• EXERCISE DATA
§ §

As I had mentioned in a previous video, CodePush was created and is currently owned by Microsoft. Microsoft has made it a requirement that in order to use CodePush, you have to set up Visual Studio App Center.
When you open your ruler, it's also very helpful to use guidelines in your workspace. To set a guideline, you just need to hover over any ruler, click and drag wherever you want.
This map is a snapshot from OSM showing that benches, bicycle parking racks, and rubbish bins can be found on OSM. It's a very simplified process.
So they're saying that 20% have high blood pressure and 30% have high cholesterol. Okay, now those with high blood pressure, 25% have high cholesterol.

§ §

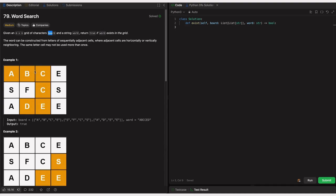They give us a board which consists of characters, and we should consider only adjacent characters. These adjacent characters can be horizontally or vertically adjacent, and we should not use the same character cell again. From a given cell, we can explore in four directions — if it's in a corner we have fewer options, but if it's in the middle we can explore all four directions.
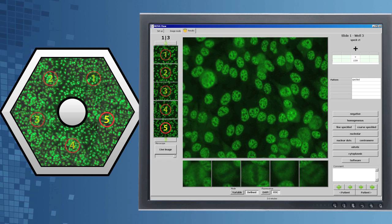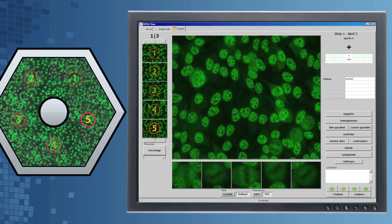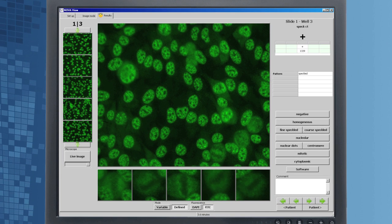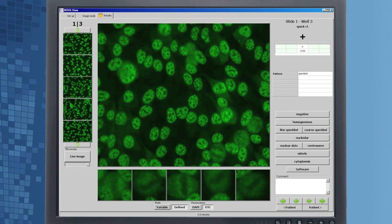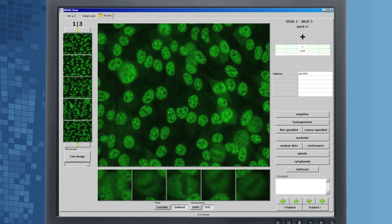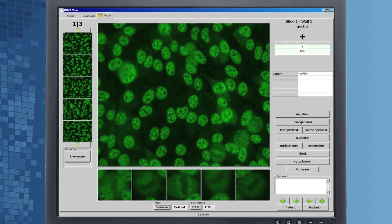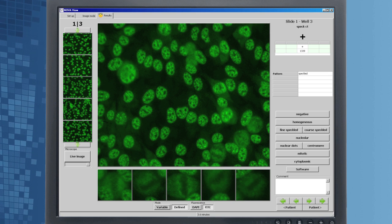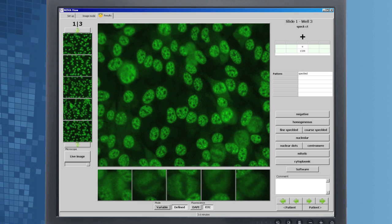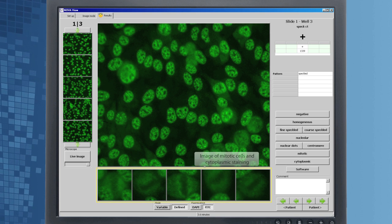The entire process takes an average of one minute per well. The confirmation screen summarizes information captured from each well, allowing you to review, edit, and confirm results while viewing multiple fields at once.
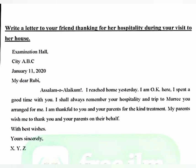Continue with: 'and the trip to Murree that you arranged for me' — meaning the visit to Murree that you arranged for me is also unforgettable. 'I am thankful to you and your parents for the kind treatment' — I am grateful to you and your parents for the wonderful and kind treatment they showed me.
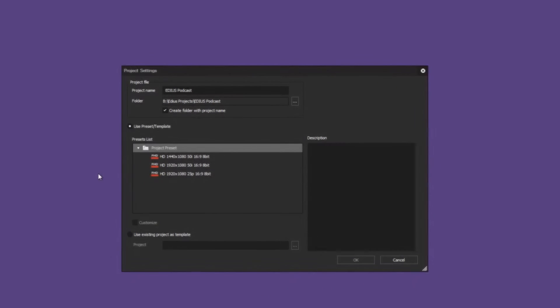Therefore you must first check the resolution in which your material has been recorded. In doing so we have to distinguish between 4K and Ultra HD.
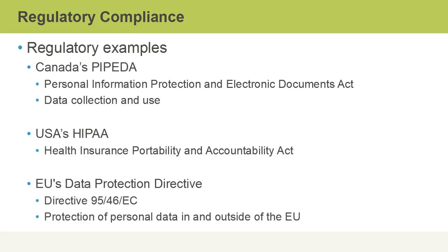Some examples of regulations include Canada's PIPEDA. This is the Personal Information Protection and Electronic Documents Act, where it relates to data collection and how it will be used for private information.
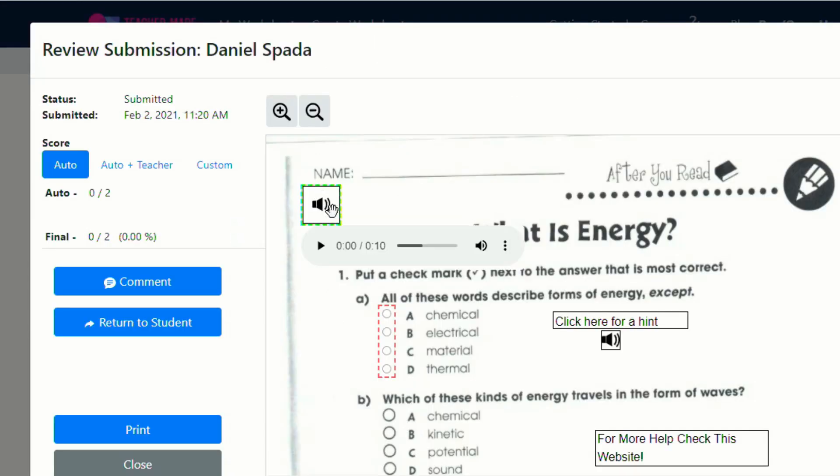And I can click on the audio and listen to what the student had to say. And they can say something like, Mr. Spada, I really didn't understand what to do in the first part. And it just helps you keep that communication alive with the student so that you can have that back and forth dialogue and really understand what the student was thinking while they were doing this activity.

§ §

• WHAT IS NEEDED
Only one stretch of the entries above is wanted: the lines from the one containing "As I had mentioned" through the one containing "So they're saying". Please reproduce it exactly.

• RESPONSE TO THE EXERCISE
As I had mentioned in a previous video, CodePush was created and is currently owned by Microsoft. Microsoft has made it a requirement that in order to use CodePush, you have to set up Visual Studio App Center.
When you open your ruler, it's also very helpful to use guidelines in your workspace. To set a guideline, you just need to hover over any ruler, click and drag wherever you want.
This map is a snapshot from OSM showing that benches, bicycle parking racks, and rubbish bins can be found on OSM. It's a very simplified process.
So they're saying that 20% have high blood pressure and 30% have high cholesterol. Okay, now those with high blood pressure, 25% have high cholesterol.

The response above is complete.